(Web page caption snippets)

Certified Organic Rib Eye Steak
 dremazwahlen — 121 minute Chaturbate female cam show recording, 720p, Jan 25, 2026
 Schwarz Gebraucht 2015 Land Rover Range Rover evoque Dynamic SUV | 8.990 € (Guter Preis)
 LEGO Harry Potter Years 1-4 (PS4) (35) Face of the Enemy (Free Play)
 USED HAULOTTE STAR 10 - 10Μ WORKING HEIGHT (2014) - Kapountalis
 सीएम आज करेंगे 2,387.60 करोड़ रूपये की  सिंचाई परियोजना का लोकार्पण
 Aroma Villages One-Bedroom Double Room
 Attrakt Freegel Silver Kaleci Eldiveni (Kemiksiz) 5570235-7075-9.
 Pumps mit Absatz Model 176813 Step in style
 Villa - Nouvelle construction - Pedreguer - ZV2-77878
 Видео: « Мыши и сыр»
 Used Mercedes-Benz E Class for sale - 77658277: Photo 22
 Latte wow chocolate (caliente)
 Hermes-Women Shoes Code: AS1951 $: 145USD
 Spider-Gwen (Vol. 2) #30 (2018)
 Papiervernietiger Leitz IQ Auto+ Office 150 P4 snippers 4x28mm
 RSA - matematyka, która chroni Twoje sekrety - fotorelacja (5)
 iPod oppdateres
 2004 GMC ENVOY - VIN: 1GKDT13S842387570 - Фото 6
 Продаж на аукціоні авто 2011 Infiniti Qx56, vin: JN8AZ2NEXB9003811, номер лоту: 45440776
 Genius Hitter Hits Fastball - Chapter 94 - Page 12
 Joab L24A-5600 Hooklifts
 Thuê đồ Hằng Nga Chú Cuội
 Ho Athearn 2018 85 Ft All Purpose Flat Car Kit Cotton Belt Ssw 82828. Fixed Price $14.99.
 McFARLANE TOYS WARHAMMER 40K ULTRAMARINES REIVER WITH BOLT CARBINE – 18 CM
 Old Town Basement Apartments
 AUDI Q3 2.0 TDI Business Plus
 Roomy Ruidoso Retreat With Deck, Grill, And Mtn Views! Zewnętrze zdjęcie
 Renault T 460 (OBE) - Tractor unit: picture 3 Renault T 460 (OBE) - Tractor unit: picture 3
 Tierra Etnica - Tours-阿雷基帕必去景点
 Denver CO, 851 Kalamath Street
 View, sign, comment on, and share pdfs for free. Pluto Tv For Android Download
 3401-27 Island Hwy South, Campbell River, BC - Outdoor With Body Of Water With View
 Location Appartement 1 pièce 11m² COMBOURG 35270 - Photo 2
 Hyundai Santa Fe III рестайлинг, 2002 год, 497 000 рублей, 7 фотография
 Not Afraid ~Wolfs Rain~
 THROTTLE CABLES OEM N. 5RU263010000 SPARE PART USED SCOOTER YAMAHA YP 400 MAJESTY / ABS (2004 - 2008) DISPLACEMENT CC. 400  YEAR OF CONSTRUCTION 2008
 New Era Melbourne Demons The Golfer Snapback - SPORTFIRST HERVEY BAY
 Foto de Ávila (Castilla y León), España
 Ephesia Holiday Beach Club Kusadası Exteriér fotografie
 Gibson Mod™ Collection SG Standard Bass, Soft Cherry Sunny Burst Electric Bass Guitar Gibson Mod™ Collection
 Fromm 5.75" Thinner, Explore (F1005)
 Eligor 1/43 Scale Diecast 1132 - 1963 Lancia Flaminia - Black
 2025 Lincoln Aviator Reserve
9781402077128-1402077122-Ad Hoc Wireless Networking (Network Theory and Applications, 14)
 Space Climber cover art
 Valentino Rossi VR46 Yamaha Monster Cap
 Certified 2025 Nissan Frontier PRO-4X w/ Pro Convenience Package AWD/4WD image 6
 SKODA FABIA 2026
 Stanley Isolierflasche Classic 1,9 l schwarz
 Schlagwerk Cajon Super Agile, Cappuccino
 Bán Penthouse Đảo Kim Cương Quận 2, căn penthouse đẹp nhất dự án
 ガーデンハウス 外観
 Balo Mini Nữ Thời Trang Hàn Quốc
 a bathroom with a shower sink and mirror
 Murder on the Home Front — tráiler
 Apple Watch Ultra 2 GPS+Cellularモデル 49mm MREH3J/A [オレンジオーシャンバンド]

Exercise directions:
Make an exact copy of every line in the data.

Task answer:
Certified Organic Rib Eye Steak
 dremazwahlen — 121 minute Chaturbate female cam show recording, 720p, Jan 25, 2026
 Schwarz Gebraucht 2015 Land Rover Range Rover evoque Dynamic SUV | 8.990 € (Guter Preis)
 LEGO Harry Potter Years 1-4 (PS4) (35) Face of the Enemy (Free Play)
 USED HAULOTTE STAR 10 - 10Μ WORKING HEIGHT (2014) - Kapountalis
 सीएम आज करेंगे 2,387.60 करोड़ रूपये की  सिंचाई परियोजना का लोकार्पण
 Aroma Villages One-Bedroom Double Room
 Attrakt Freegel Silver Kaleci Eldiveni (Kemiksiz) 5570235-7075-9.
 Pumps mit Absatz Model 176813 Step in style
 Villa - Nouvelle construction - Pedreguer - ZV2-77878
 Видео: « Мыши и сыр»
 Used Mercedes-Benz E Class for sale - 77658277: Photo 22
 Latte wow chocolate (caliente)
 Hermes-Women Shoes Code: AS1951 $: 145USD
 Spider-Gwen (Vol. 2) #30 (2018)
 Papiervernietiger Leitz IQ Auto+ Office 150 P4 snippers 4x28mm
 RSA - matematyka, która chroni Twoje sekrety - fotorelacja (5)
 iPod oppdateres
 2004 GMC ENVOY - VIN: 1GKDT13S842387570 - Фото 6
 Продаж на аукціоні авто 2011 Infiniti Qx56, vin: JN8AZ2NEXB9003811, номер лоту: 45440776
 Genius Hitter Hits Fastball - Chapter 94 - Page 12
 Joab L24A-5600 Hooklifts
 Thuê đồ Hằng Nga Chú Cuội
 Ho Athearn 2018 85 Ft All Purpose Flat Car Kit Cotton Belt Ssw 82828. Fixed Price $14.99.
 McFARLANE TOYS WARHAMMER 40K ULTRAMARINES REIVER WITH BOLT CARBINE – 18 CM
 Old Town Basement Apartments
 AUDI Q3 2.0 TDI Business Plus
 Roomy Ruidoso Retreat With Deck, Grill, And Mtn Views! Zewnętrze zdjęcie
 Renault T 460 (OBE) - Tractor unit: picture 3 Renault T 460 (OBE) - Tractor unit: picture 3
 Tierra Etnica - Tours-阿雷基帕必去景点
 Denver CO, 851 Kalamath Street
 View, sign, comment on, and share pdfs for free. Pluto Tv For Android Download
 3401-27 Island Hwy South, Campbell River, BC - Outdoor With Body Of Water With View
 Location Appartement 1 pièce 11m² COMBOURG 35270 - Photo 2
 Hyundai Santa Fe III рестайлинг, 2002 год, 497 000 рублей, 7 фотография
 Not Afraid ~Wolfs Rain~
 THROTTLE CABLES OEM N. 5RU263010000 SPARE PART USED SCOOTER YAMAHA YP 400 MAJESTY / ABS (2004 - 2008) DISPLACEMENT CC. 400  YEAR OF CONSTRUCTION 2008
 New Era Melbourne Demons The Golfer Snapback - SPORTFIRST HERVEY BAY
 Foto de Ávila (Castilla y León), España
 Ephesia Holiday Beach Club Kusadası Exteriér fotografie
 Gibson Mod™ Collection SG Standard Bass, Soft Cherry Sunny Burst Electric Bass Guitar Gibson Mod™ Collection
 Fromm 5.75" Thinner, Explore (F1005)
 Eligor 1/43 Scale Diecast 1132 - 1963 Lancia Flaminia - Black
 2025 Lincoln Aviator Reserve
9781402077128-1402077122-Ad Hoc Wireless Networking (Network Theory and Applications, 14)
 Space Climber cover art
 Valentino Rossi VR46 Yamaha Monster Cap
 Certified 2025 Nissan Frontier PRO-4X w/ Pro Convenience Package AWD/4WD image 6
 SKODA FABIA 2026
 Stanley Isolierflasche Classic 1,9 l schwarz
 Schlagwerk Cajon Super Agile, Cappuccino
 Bán Penthouse Đảo Kim Cương Quận 2, căn penthouse đẹp nhất dự án
 ガーデンハウス 外観
 Balo Mini Nữ Thời Trang Hàn Quốc
 a bathroom with a shower sink and mirror
 Murder on the Home Front — tráiler
 Apple Watch Ultra 2 GPS+Cellularモデル 49mm MREH3J/A [オレンジオーシャンバンド]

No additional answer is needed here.